May 13, 2008
Against a Fear-Based Politics
by Michael Shellenberger
In most of the talks we give about global warming, we lay out the social science research about the connection between fear and conservatism. We describe why fear-based appeals on global warming (read: "An Inconvenient Truth") often backfire. And we argue that progressives must find a way to build a bridge for the public from fear to hope.
Inevitably, somebody afterwards protests, "But fear works so well for conservatives!"
To which we reply: exactly. Fear works well for conservatives.
Environmental leaders and insiders have known since 2000 that fear-based presentations of global warming backfire. It was then that CNN founder and environmental funder, Ted Turner, funded the Frameworks Institute to do research into how to "frame" global warming. Frameworks did focus groups, and hired cognitive scientists -- guys who analyze how we reason about the world -- to study how voters think about global warming disasters. They showed scary footage of hurricanes, floods, tornadoes and other myriad apocalyptic images, and then asked people what they thought. Here's what the cognitive scientists concluded:
- "The layering on of dire consequences, then, reinforces that this problem is too big to address."
- "The likely response for the public is adaptation to Mother Nature."
- "Instead of supporting increased CAFE [fuel economy] standards, for example, they are likely to buy an SUV to help them through the erratic weather to come..."
We usually get a laugh out of the last bullet point. But Frameworks was simply reporting what actually happened in a focus group: people openly started wondering whether they should get bigger cars.
Fear of Sacrifice
We are often asked, "Why do you guys have to criticize Al Gore?" The reason we do is because "An Inconvenient Truth" put people in a state of fear. And even worse: it never brought them back out of it.
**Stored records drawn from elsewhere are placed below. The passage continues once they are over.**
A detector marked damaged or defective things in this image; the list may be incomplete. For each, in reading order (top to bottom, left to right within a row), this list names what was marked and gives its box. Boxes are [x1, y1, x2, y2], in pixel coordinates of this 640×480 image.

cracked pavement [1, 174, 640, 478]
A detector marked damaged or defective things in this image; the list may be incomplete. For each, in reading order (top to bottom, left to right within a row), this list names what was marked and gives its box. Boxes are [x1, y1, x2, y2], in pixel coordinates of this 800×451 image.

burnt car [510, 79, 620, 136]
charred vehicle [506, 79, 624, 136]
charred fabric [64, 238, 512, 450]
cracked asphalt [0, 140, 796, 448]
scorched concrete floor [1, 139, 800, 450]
True, the film raised the hopes of somewhere around the 10 percent of voters who are strong environmentalists. But that was almost certainly because they thought the movie would have an effect on the larger public, which it didn't. A Gallup poll released on Earth Day showed that the percentage of Americans who say they "worry a great deal" about global warming was 35 percent in 1988 and 37 percent in 2008.
Another problem with "An Inconvenient Truth" is that it reinforced the sense that action on global warming will require sacrificing our way of life. "The truth about the climate crisis," Gore said in the film, "is an inconvenient one that means we are going to have to change the way we live our lives."
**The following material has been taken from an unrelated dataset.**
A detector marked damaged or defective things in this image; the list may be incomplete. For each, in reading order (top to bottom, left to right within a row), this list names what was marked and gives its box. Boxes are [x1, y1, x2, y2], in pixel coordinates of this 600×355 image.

The irony is that there is mounting evidence that fear of sacrifice is partly responsible for driving nearly one-third of Americans to deny global warming's seriousness, or the role humans play in causing it. With fear, it seems, we sometimes get the worst of both worlds: survivor-types and denier-types.
What to do?
But, of course, we can't avoid fear. The question should thus not be how to avoid fear but rather what to do with it. How do we turn fear into intelligence, courage, and empowerment rather than stupidity, paranoia, and cowardice?
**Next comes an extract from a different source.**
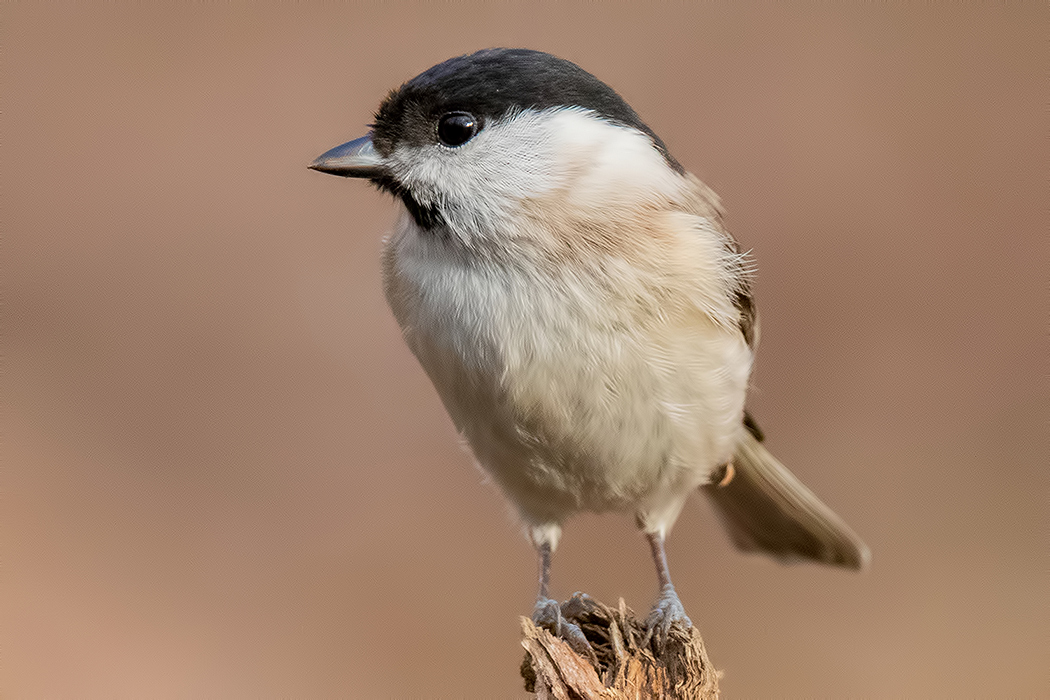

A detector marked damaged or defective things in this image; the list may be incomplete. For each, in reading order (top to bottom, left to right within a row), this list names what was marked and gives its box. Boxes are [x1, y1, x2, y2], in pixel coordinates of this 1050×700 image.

splintered wood [518, 596, 718, 700]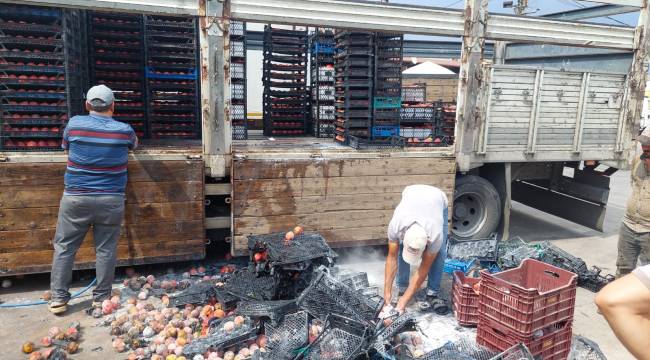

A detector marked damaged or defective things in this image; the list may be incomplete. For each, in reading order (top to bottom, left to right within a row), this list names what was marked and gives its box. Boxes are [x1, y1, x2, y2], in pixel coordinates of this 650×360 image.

burnt plastic crate [454, 270, 478, 326]
burnt plastic crate [476, 260, 576, 336]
Fear is, in the words of Gavin DeBecker, the security expert, "a gift." Fear can inspire us to intelligence, but it can also reduce us to stupidity. It's not fear that's the problem but what we do with it. At best, fear can trigger a heightened state of awareness and careful action -- even courage. At its worst, fear can make you paranoid (yes: been there) and violent (no: thankfully). The key is conscious awareness of our fear so that we can gain control over it.
The idea that we shouldn't scare people often strikes our audiences as counterproductive. Don't we need people to get more rather than less scared of global warming, terrorism, or the denial of health care?
Maybe we do -- but only if we can do something positive that is as powerful as their fear.
Can we tell a story about global warming (or terrorism or health care or China or the economy) that begins by acknowledging how safe, secure, healthy, and rich we are, before we describe the threat?
Global warming is the issue I know best. Our research and personal experience teaches me that it's vitally important to sandwich fear inside two other powerful feelings: gratitude and power:
A. Gratitude: we are better prepared than ever before to deal with the massive technological changes we need to make to deal with global warming.
B. Fear: Climate change is really damn scary.
C. Power: we humans have overcome starvation, disease, and war -- we can overcome global warming
This approach may not work with everything. But a view to overcoming fear, rather than wallowing in it, or simply proposing technical fixes to the threat, could create a more expansive and generous politics.